Evanescenza istituzionale
Quanto hanno sostenuto in materia di evanescenza istituzionale due autorevoli studiosi ebrei, Zygmunt Bauman (Liquid Modernity) e Martin Van Creveld (The rise and decline of the State), sembra particolarmente adatto all’attuale situazione italiana, dove vi sono due leader che governano con una particolare attenzione ai sondaggi, ponendo in essere una situazione che difficilmente si sarebbe verificata se i loro poteri non fossero stati eguali e se uno di loro, come in passato, fosse stato Presidente del Consiglio.
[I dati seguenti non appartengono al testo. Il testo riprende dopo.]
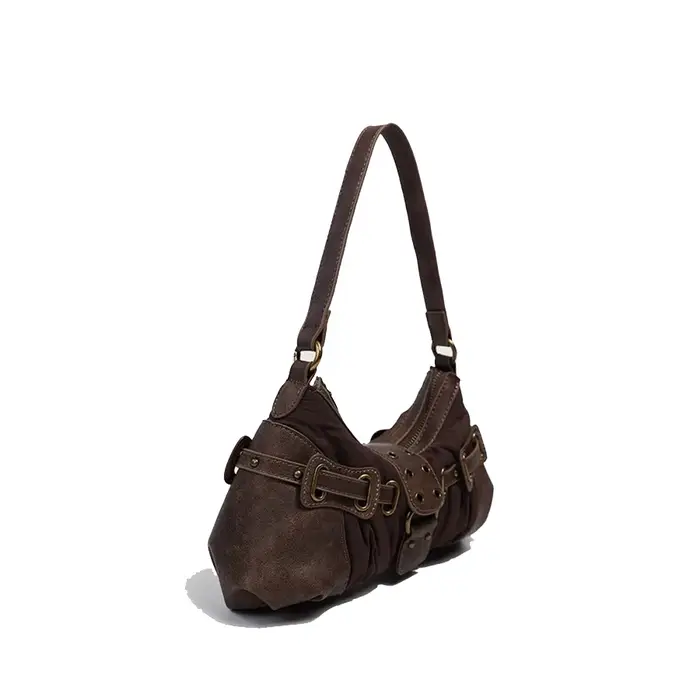 Sac à main sous les bras marron pour filles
Tale evanescenza del potere, conformata dall’attenzione alle uscite e dalla disattenzione verso le entrate, corredata dalla mancanza di interlocutori reali, crea una situazione di provvisorietà che non è certo resa migliore da una certa tendenza delle opposizioni a rendersi simmetriche, se non addirittura speculari, alle forze governative.
Sarebbe populistico, tuttavia, attribuire soltanto a costoro (governo ed opposizione) l’intera responsabilità, perché la stessa società civile mostra una scarsa reattività nel conseguimento dei propri obiettivi. Lo stesso microcosmo ebraico dimostra sovente delle analogie con l’andamento generale della c.d. cosa pubblica, con una spiccata tendenza a ritornare al passato, quando vi era lo spartiacque fra sionisti e fascisti. In realtà, i sionisti, se fossero stati tali, si sarebbero limitati ad emigrare ed i fascisti, se fossero stati coerenti, si sarebbero limitati ad allinearsi al regime. Queste divisioni, invece, rispondevano ad esigenze più profonde, perché i c.d. sionisti volevano che le istituzioni ebraiche fossero tali senza scarti, mentre i c.d. fascisti (“Nostra bandiera”) affidavano la sopravvivenza alla subalternità dell’ebraismo al nazionalismo, una formula che con qualche ingenuità si può leggere così oggi giorno: “posso occuparmi dell’ebraismo soltanto dopo essermi occupato dei migranti e degli omosessuali”. Il non lontano invito pubblico ad essere più aperti, se lo si volesse sottrarre ad una frase di maniera, potrebbe avere, come ha, soltanto quel significato. Di questi equivoci ha in qualche modo usufruito di recente un negazionista, fatto passare per un ‘antisionista’ e un evento improntato all’odio, fatto passare sotto silenzio. Se lo stesso accoglimento della definizione IHRA di antisemitismo, auspicato ufficialmente sia dal Parlamento europeo che da quello italiano, è rimasto soltanto un punto fra tanti dell’agenda di lavoro, ci saranno delle ragioni.
Sacrificato, l’accoglimento, in nome della lotta a ciò che è stato, senza considerare che il ritorno al passato è impossibile, se non nella finzione artistica o, altrimenti, come esposto da Giambattista Vico (La ScienzaNuova), in guisa di “Storia Ideal’Eterna, sopra la quale corron’in tempo le Storie di tutte le Nazioni ne’ loro sorgimenti, progressi, stati, decadenze, e fini”, nella quale “Storia Ideal’Eterna” non sono, però, contemplati i meri esorcismi, una versione 2.0 dei sacrifici d’un tempo.